Producer(s): Sally Wood, Joseph Abrams, James Spring
Director(s): Gilles Paquet-Brenner
Cast: Glenn Close, Christina Hendricks, Max Irons, Stefanie Martini, Gillian Anderson, Terence Stamp…
Motion Picture Rating (MPAA): PG-13
Runtime: 1 hour 55 minutes
Genres: Crime drama/Mystery
List Price: $19.99 (DVD) $25.99 (Blu-ray)
by Cherie Jung
Oh, dear. Where to begin?
I do like English manor house mysteries. I wanted to like “Crooked House,” but overall, I didn’t.
Though the sets, color palettes, and scenery were exquisite, the subpar acting abilities of a substantial number of the cast members and the lack of fairness with the audience regarding some clues made viewing “Crooked House” dissatisfying for me.
There were numerous red herrings. Of course everyone is a suspect, including the guy called in to investigate the possible murder, before the cops muck in. It almost seemed like there was a checklist of sorts: Much younger, bimbo wife, check. Older, useless son, check. Younger, useless son, check. And so on, through the household. Everyone had motive and opportunity, which is usually a good thing, but in this case…who cares? No one, really.
One of the so-called twists involves the dead man’s will. I felt the scriptwriter or director cheated the audience on this one. I don’t know who is responsible. I have not read the Agatha Christie novel, so I can’t say if the mistake was originally hers or if the gaff was a product of the film, but I expected better from scriptwriter Julian Fellowes, if he is the one to blame.

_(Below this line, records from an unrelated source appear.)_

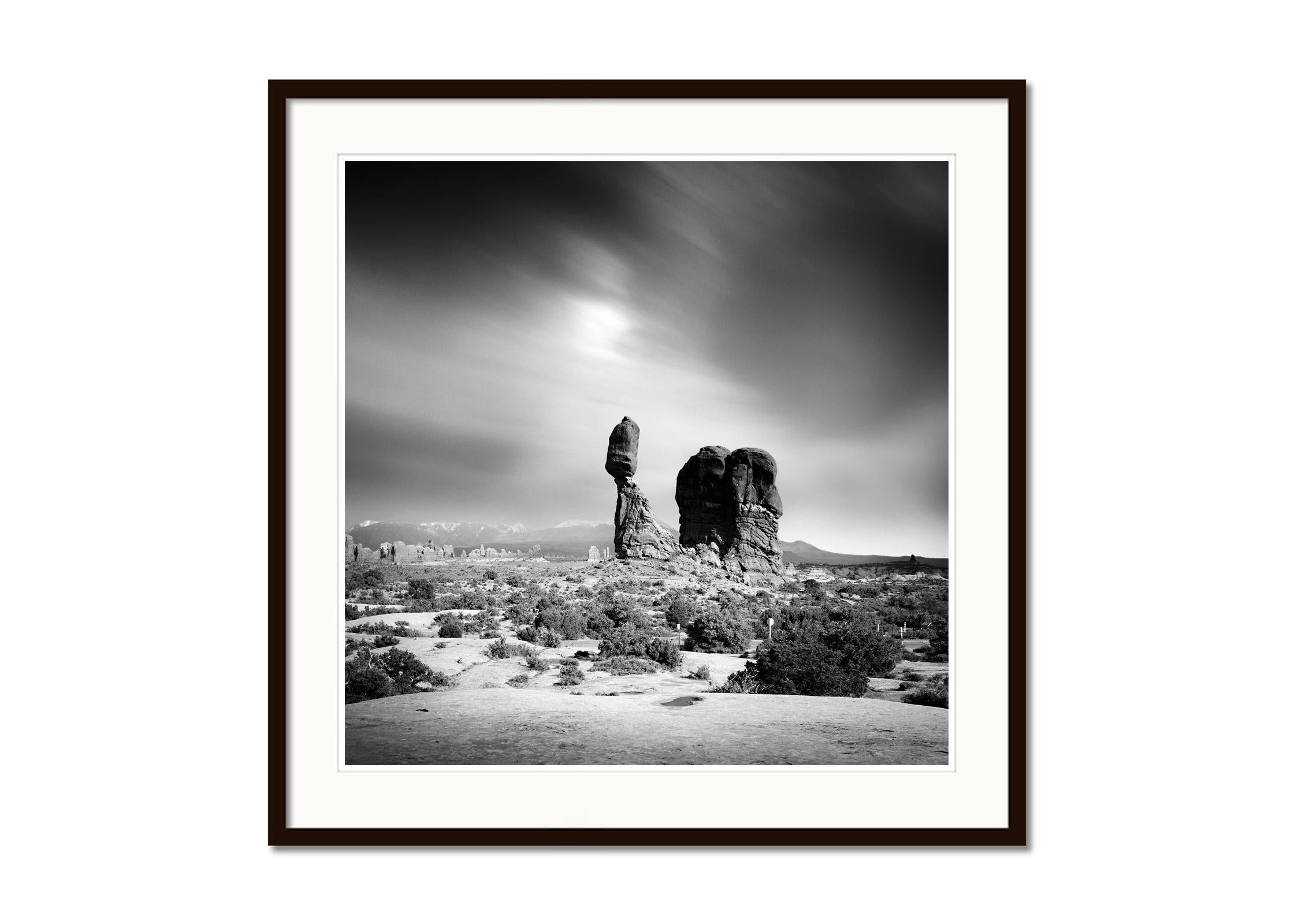 Wild West, Balanced Rock, Utah, USA, Schwarz-Weiß-Kunstfotografie, Landschaft (Grau), Landscape Photograph, von Gerald Berghammer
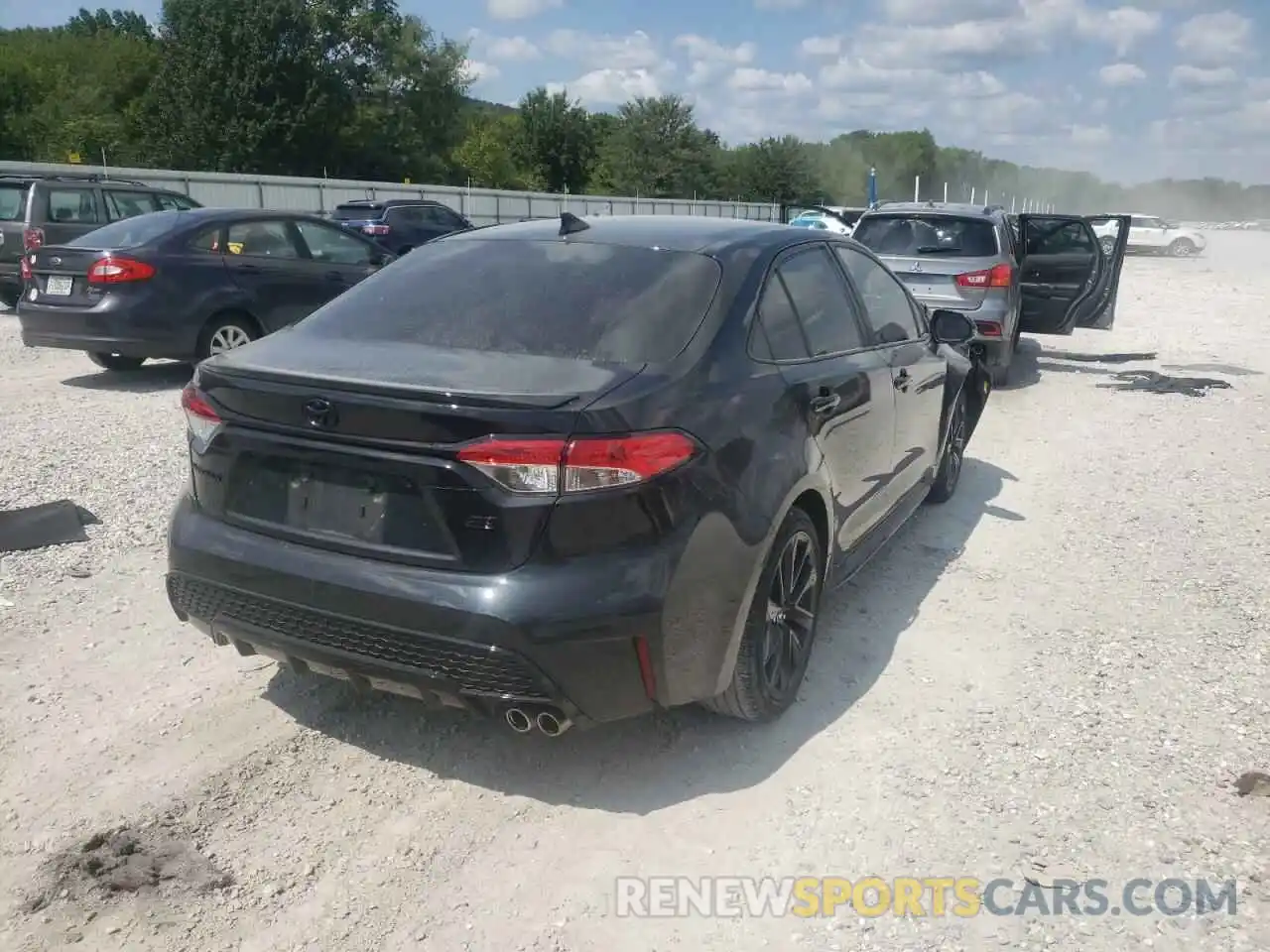 4 Photograph of a damaged car 5YFS4RCE5LP037211 TOYOTA COROLLA 2020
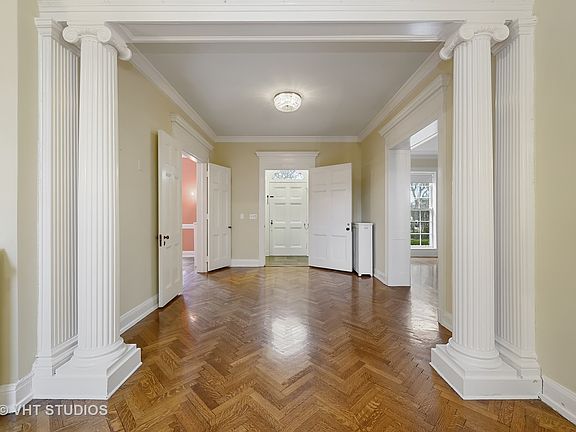 5th image of 2870 Sheridan Pl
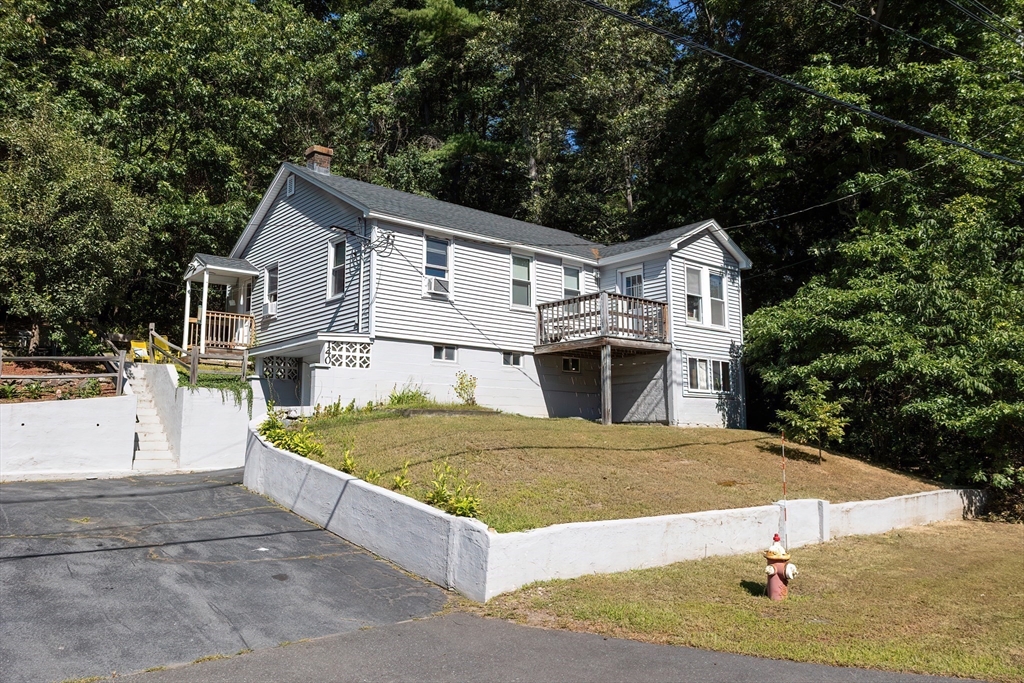 140 Leominster Rd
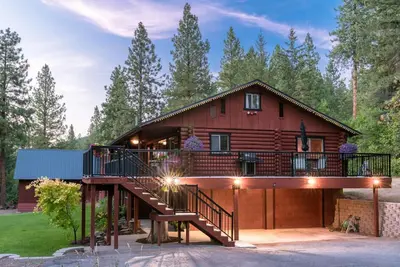 Image de Large lodge with hot tub, theater, acreage and close to town! #Str 000330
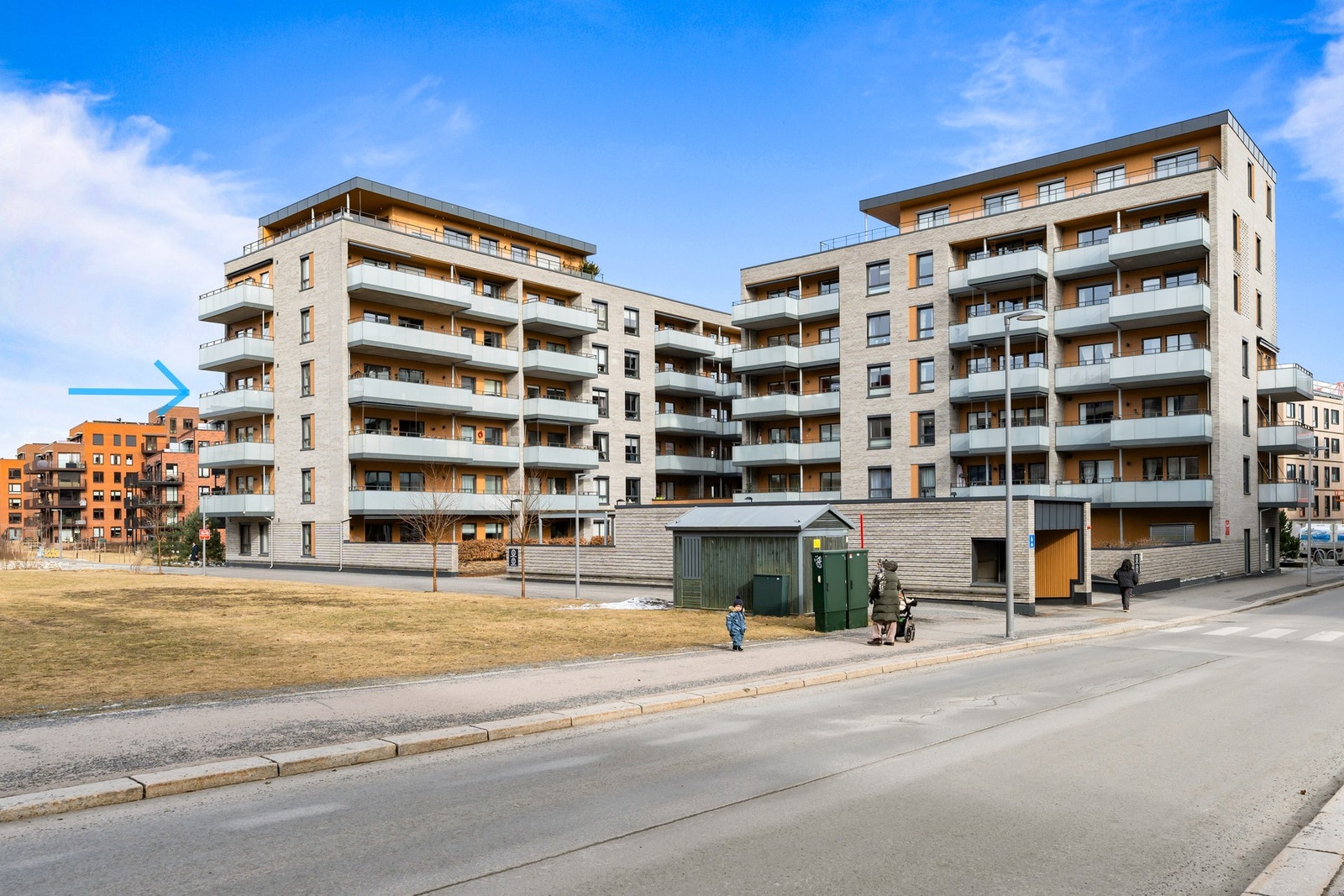 Boligen ligger i byggets 4. etasje og ligger helt for seg selv uten balkonger ved siden av seg. Galleribilde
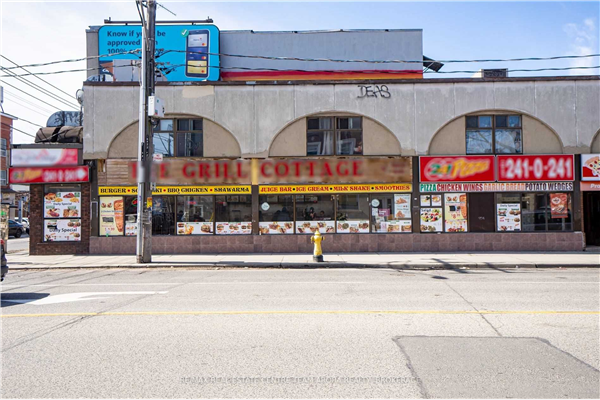 1468 Queen St, Toronto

In my opinion, “Crooked House” was woefully miscast. Charles Hayward (Max Irons) the inept detective was boring and clueless in nearly all of his scenes, most of the Leonides family members were irritating at best, and frightfully dull caricatures at worst, and then there was Magda Leonides (Gillian Anderson) – Why, oh, why did the director let her prattle on so long?!?
I found Glenn Close’s performance as Lady Edith de Haviland semi-interesting. Terence Stamp was amusing to watch as Chief Inspector Taverner but his part was very small. (Had the perspective been from his rather than Hayward’s the movie might have been much improved.) Honor Kneafsey portrayed the victim’s young granddaughter Josephine Leonides. She was by far smarter and more clever than any of the adults, and was fun to watch. (She stole practically every scene she was in.)
Once we sorted through a couple of the suspects, even though they weren’t eliminated as far as Hayward was concerned, as a fidgety viewer, they were off my list. One or two of the possibilities the lackluster investigation turned up, including the theory that the dead man had arranged his own murder to confound his parasitic family, briefly held my interest. By midway through the ordeal I had a pretty good idea of who the killer might be. This, in itself, was not a problem except that the overall plot was listless due to the atrocious acting of certain cast members.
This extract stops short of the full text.